Il ne faut pas non plus négliger le fait que les bénéficiaires de paiements, y compris en espèces, ne peuvent pas toucher leurs paiements en cas de coupure de courant car, sans électricité, les caisses ne fonctionnent pas.

L’intégration sociale en danger

Une partie de la population suédoise ne peut pas effectuer de paiements électroniques. On estime qu’environ 5% de la population adulte se trouve «exclue du numérique»[5] en raison d’un manque d’aptitudes cognitives ou physiques, ou parce qu’elles se sont vues refuser l’ouverture d’un compte bancaire – souvent parce qu’elle n’étaient pas en mesure de s’identifier correctement.

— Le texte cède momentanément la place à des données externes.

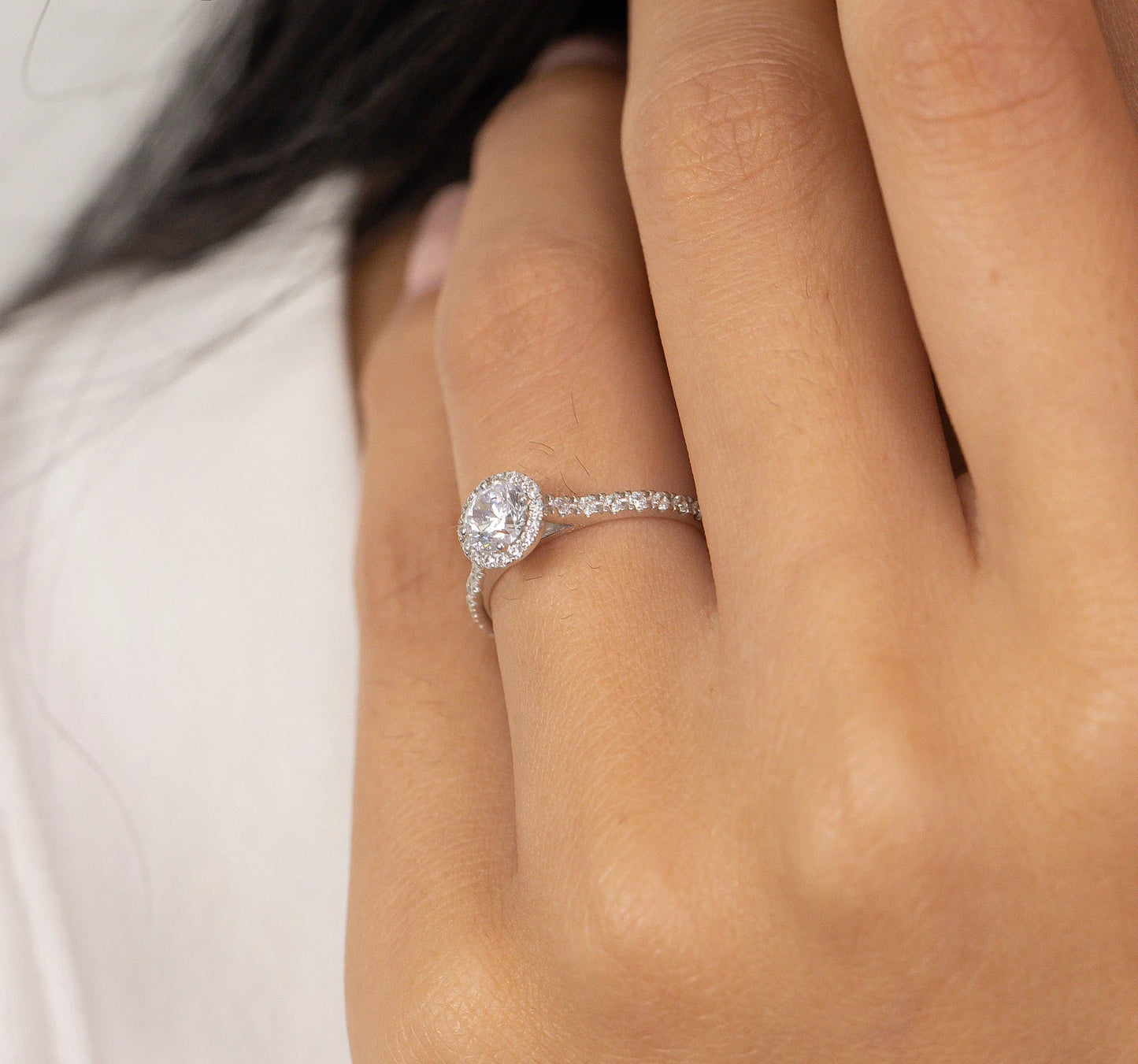 Women's 2 Ct Round Cut Cubic Zirconia Diamond Stud Earrings 925 Silver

Ces dernières années, toutes les grandes banques de Suède ont cessé les opérations de guichet en espèces. La plupart des autres fournisseurs de prestations en espèces, par exemple pour payer des factures, ont également mis fin à leurs activités.

Réaction du législateur

En 2021, une nouvelle loi est entrée en vigueur obligeant certaines grandes banques à proposer les prélèvements en espèces et à accepter les virements d’organisations et d’entreprises, une obligation dont les banques s’acquittent principalement en automatisant leurs services, par exemple via les distributeurs. Depuis janvier 2023, une loi astreint la Banque nationale suédoise à faire preuve de davantage de responsabilité en matière de garantie de l’approvisionnement en liquidités dans le commerce de gros et de surveillance de la chaîne d’approvisionnement en espèces.

Étant donné le déclin rapide de l’utilisation de l’argent liquide, la Banque nationale suédoise a demandé un examen du rôle de l’État sur le marché des paiements[6]. Récemment publié, le rapport final[7] recommande par exemple d’astreindre les pharmacies à accepter l’argent liquide pour les ordonnances de médicaments et les autorités fiscales suédoises à faire de même pour le paiement des impôts jusqu’à hauteur d’un certain montant. L’étude souligne cependant que l’inclusion numérique est encore plus importante que la protection de l’argent liquide.

L’argent liquide est encore utilisé en Suède, et les mesures légales adoptées récemment indiquent qu’il le sera encore pendant un certain temps. Cependant, pour se préparer à un avenir toujours plus numérique, de nombreuses banques centrales, dont la Banque nationale suédoise, examinent l’émission de monnaies officielles virtuelles.

  1. Source: Macrobond. Pour plus de détails, voir aussi l’article de Schmidbauer, Himmel et Baur dans ce numéro. []
  2. Banque nationale suédoise (2023), Cost of Payments in Sweden, Riksbank Studies n° 1 2023. []
  3. Swish (2022),. Historical milestone for Swish – now more than 8 million users. 17 juin 2022. []
  4. Armelius H., Claussen C. et Reslow A. (2020), Withering Cash: Is Sweden ahead of the curve or just special?, Working paper series 393, Banque nationale suédoise. []
  5. The Swedish Internet Foundation (2022), Swedes and the internet 2022[]
  6. Pétition à la Diète impériale suédoise 2018/19:RB3 (2018), The State’s role on the payment market[]
  7. SOU 2023:16, Staten och betalningarna [L’État et les paiements]. []

Proposition de citation: Jens Arnoldsson ; Max Brimberg (2023). L’argent liquide a pratiquement disparu en Suède. La Vie économique, 15 mai.